- PROBLEM DESCRIPTION -
Print exactly the lines from the one containing "a living room" through the last line of the entries below; the pictures stay out of the copy.

##### INPUT FOR THIS TASK #####

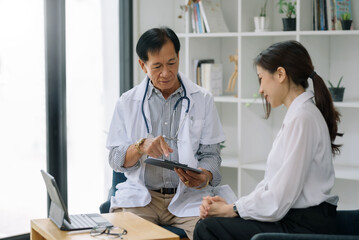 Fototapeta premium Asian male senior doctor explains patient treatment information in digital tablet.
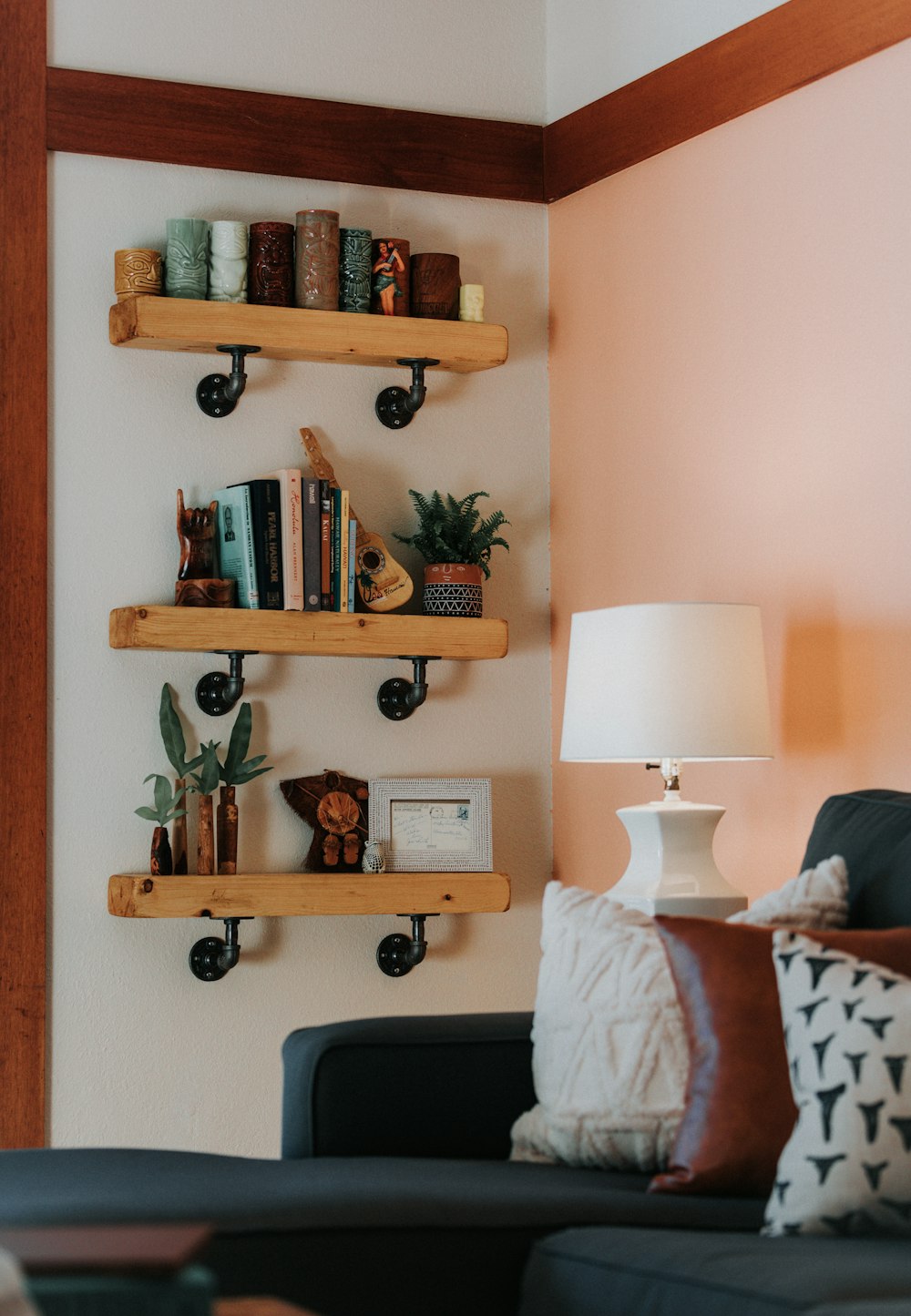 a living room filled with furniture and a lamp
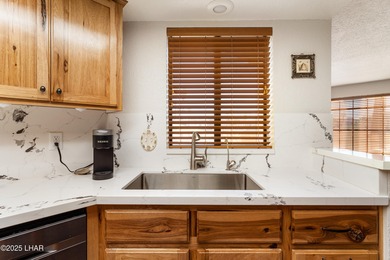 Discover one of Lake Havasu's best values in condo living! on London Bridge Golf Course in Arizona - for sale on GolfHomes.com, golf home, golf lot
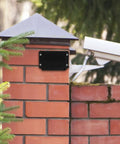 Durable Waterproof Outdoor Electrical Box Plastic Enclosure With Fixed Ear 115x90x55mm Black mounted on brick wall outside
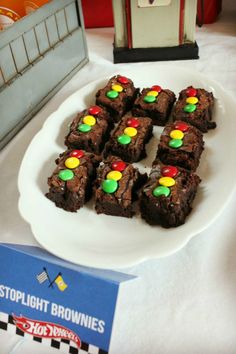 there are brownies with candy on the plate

#####

- REPLY TO THE TASK -
 a living room filled with furniture and a lamp
 Discover one of Lake Havasu's best values in condo living! on London Bridge Golf Course in Arizona - for sale on GolfHomes.com, golf home, golf lot
 Durable Waterproof Outdoor Electrical Box Plastic Enclosure With Fixed Ear 115x90x55mm Black mounted on brick wall outside
 there are brownies with candy on the plate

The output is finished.